Federal prosecutors say the newly charged men, identified as 19-year-old Laurence Cotton-Powell and 18-year-old Anthony Taylor, face counts including attempted unarmed carjacking, robbery, and assault with intent to commit robbery. These are serious felonies, yet the broader reaction from the city’s liberal establishment has been embarrassingly tepid, prompting the feds to step in where local leaders have failed.
The attack itself was brazen: Coristine says a pack of roughly ten teens surrounded and beat him during an attempted carjacking in Dupont Circle, an episode that left him bloodied and concussed and shocked the nation. Two 15‑year‑olds were arrested soon after, but their light treatment and release only fueled outrage and the sense that juvenile offenders in D.C. are treated with kid gloves.
President Trump seized on the incident, rightly pointing to the hemorrhaging of public safety and using the case to justify a federal law-and-order response, including deploying federal agents and the National Guard to the capital. Conservatives who have watched cities crumble under progressive policies saw this as a necessary correction after years of leniency that has emboldened violent criminals.

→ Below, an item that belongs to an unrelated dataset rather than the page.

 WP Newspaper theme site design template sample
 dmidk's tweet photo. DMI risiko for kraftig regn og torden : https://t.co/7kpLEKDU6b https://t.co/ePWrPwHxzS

Shockingly, local courts have demonstrated the very softness that invites more violence: judges released the juvenile suspects under minimal restrictions, and two teens in the case ultimately received probation — a slap on the wrist that tells would-be criminals they can act with impunity. Voters who value safety should be furious that career criminals and repeat offenders are recycled back onto the streets while victims like Coristine are left to pick up the pieces.
Authorities say the two newly charged suspects are also tied to a separate robbery at a gas station just before the attack on Coristine, and prosecutors continue to hunt for additional members of the group who remain at large. This continuing trail of violence proves the point conservatives have been making for years: soft policies, soft prosecutions, and weak local leadership create an invite for chaos that only strong enforcement can resolve.
Hardworking Americans deserve to walk their neighborhoods and park their cars without fear of being swarmed by gangs of teenagers. It’s time for voters and elected officials to demand real accountability, back prosecutors and police who will do the job, and restore common-sense punishments so criminals learn that America will no longer tolerate the breakdown of law and order.